WORK INSTRUCTIONS - Your task is to retype, exactly and without pictures, the line holding "bits to bytes" and each line that follows it to the end of the entries.

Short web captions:
---*---

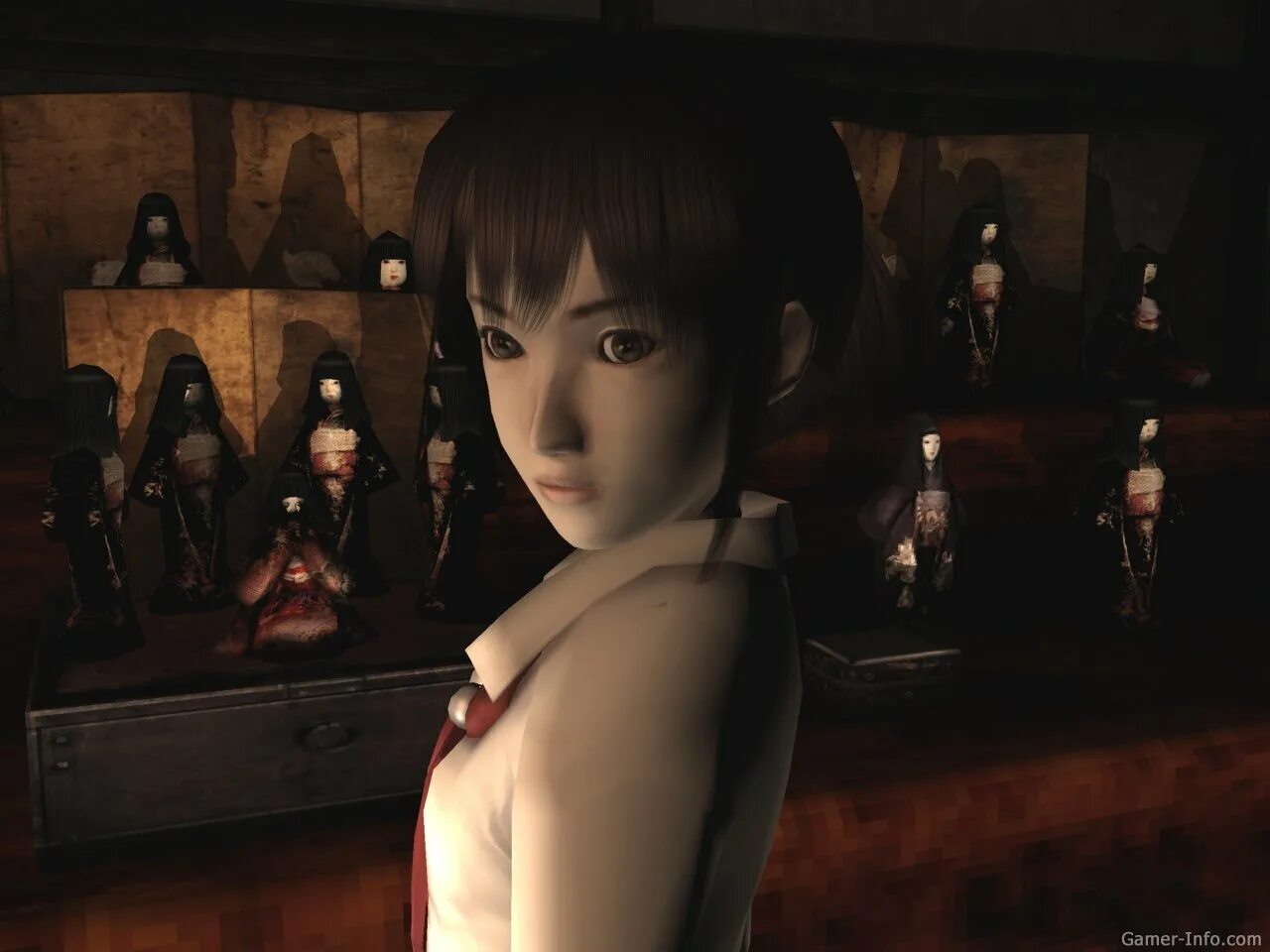 Msi project zero. Fatal frame ps2. project zero ps2. fatal frame 2001.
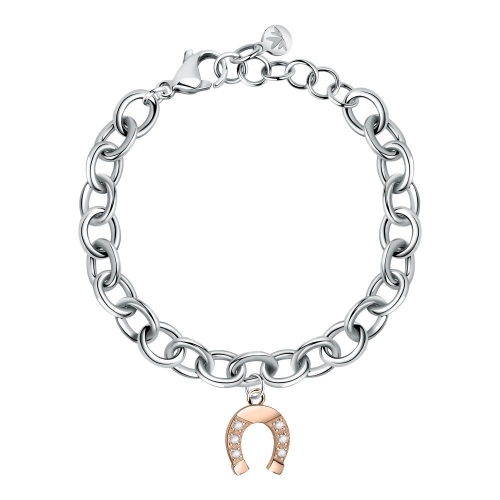 Bracciale MORELLATO donna Maia acciaio / ferro cavallo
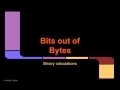 bits to bytes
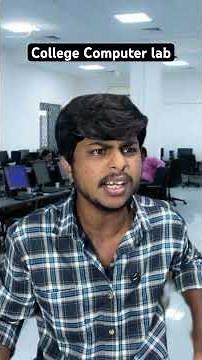 College Computer lab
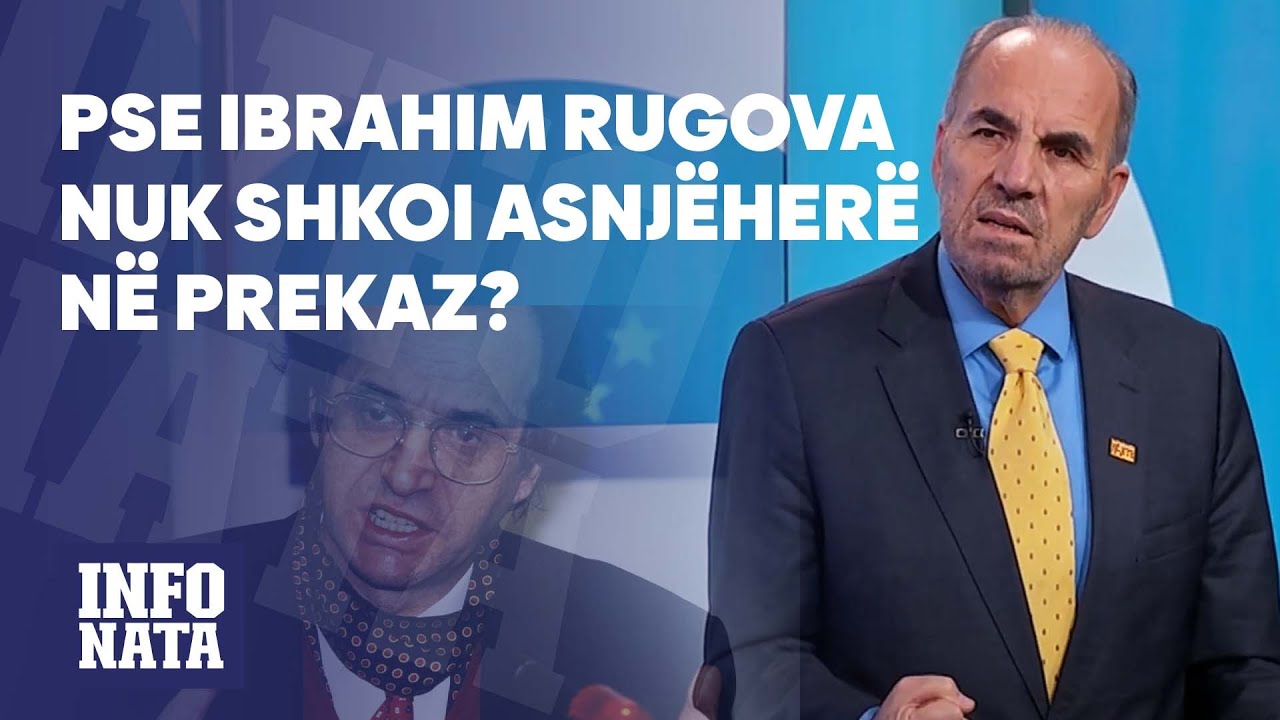Adnan Merovci tregon pse Ibrahim Rugova nuk shkoi asnjëherë në Prekaz?
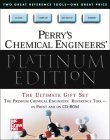 Perry's Chemical Engineers' Platinum Edition (9780071355407) by Perry, Robert H.; Green, Don W.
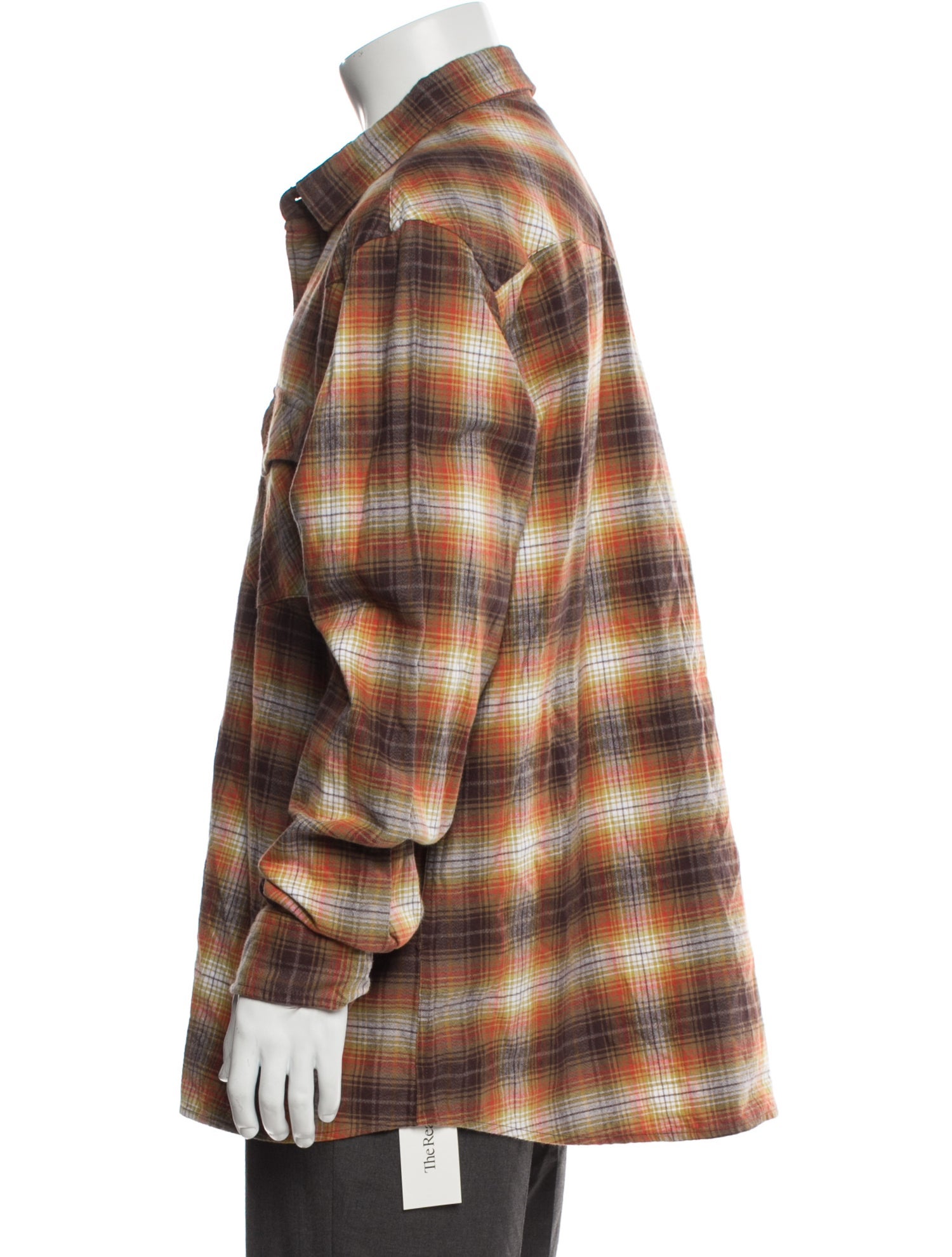 Pendleton Plaid Print Long Sleeve Shirt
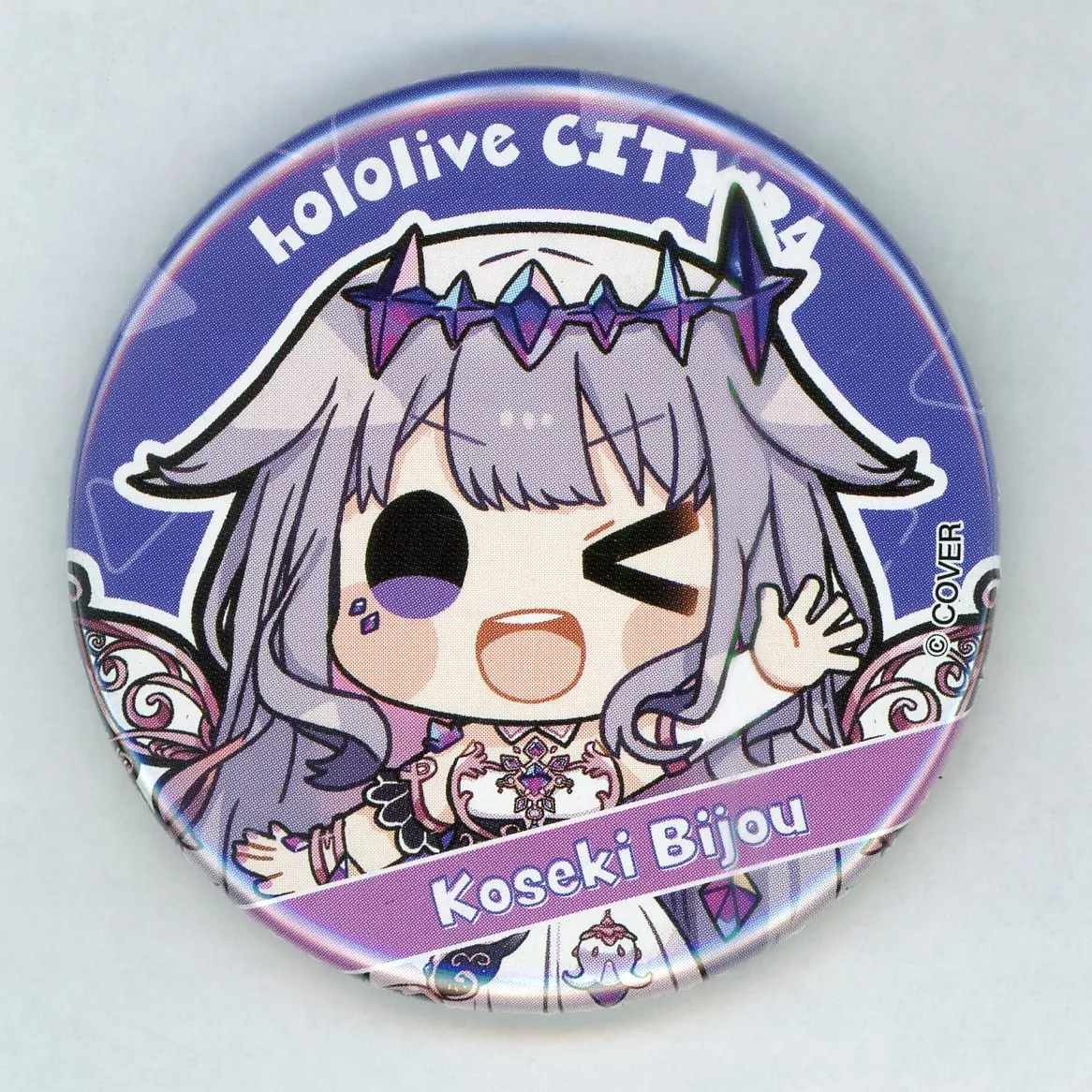 Koseki Bijou - Badge - hololive English
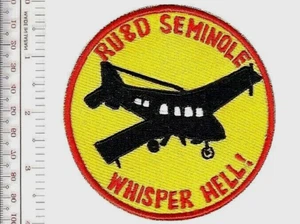 US Army Vietnam ASA 146th Aviation Co Radio Unit 8D Seminole Patch vel NO TARRIF - Bild 1 von 1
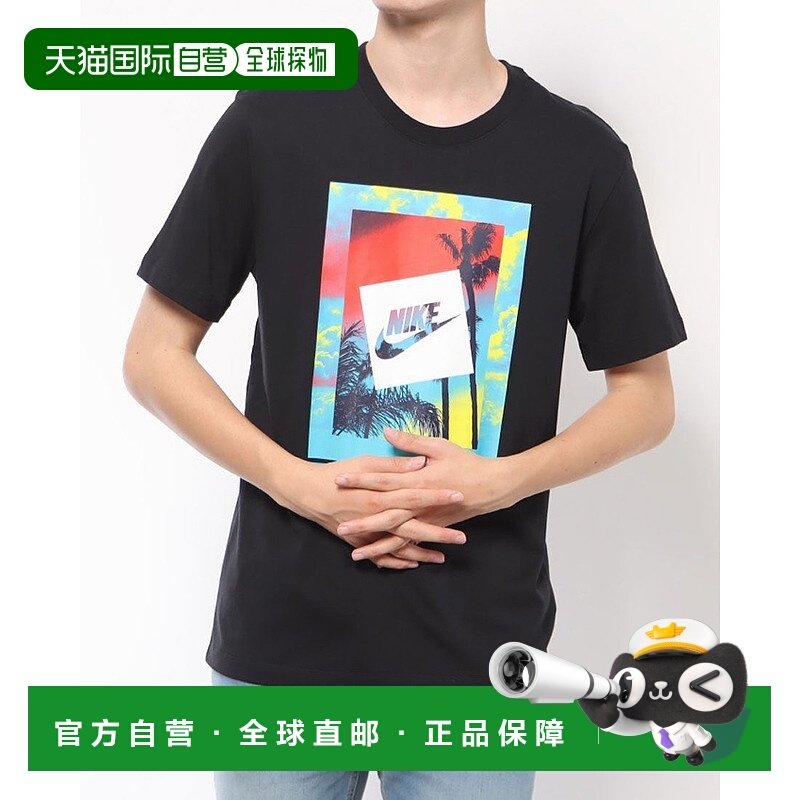 日本直邮 Nike 男子Heatwave Photo半袖T恤 DR8072010 T恤耐克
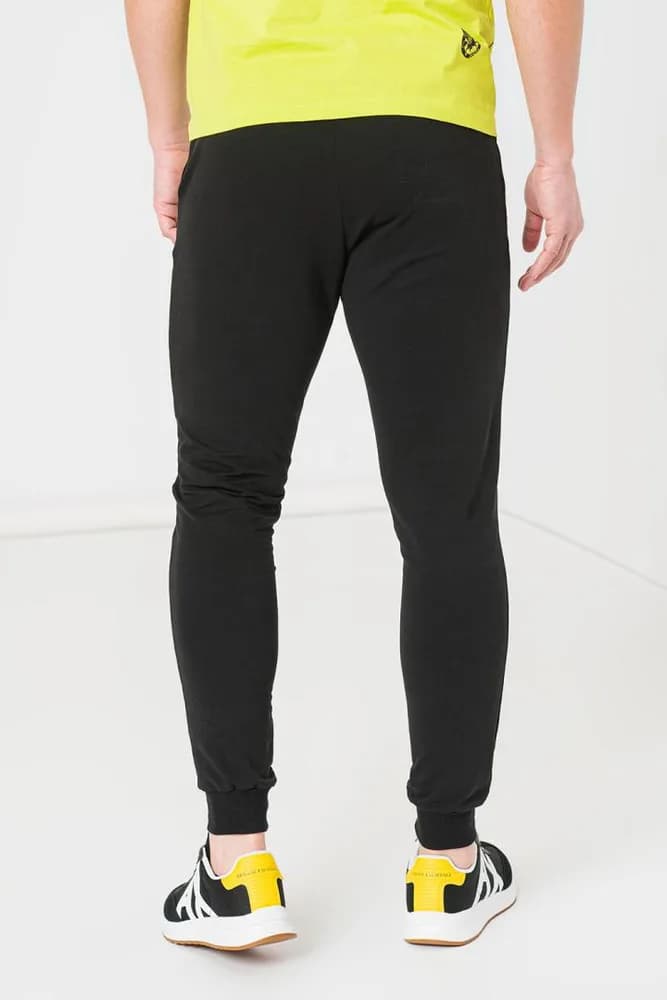 PANTALON COTON CASUAL BARBATI BLACK-M — miniatură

---*---

EXERCISE SOLUTION -
 bits to bytes
 College Computer lab
Adnan Merovci tregon pse Ibrahim Rugova nuk shkoi asnjëherë në Prekaz?
 Perry's Chemical Engineers' Platinum Edition (9780071355407) by Perry, Robert H.; Green, Don W.
 Pendleton Plaid Print Long Sleeve Shirt
 Koseki Bijou - Badge - hololive English
 US Army Vietnam ASA 146th Aviation Co Radio Unit 8D Seminole Patch vel NO TARRIF - Bild 1 von 1
 日本直邮 Nike 男子Heatwave Photo半袖T恤 DR8072010 T恤耐克
 PANTALON COTON CASUAL BARBATI BLACK-M — miniatură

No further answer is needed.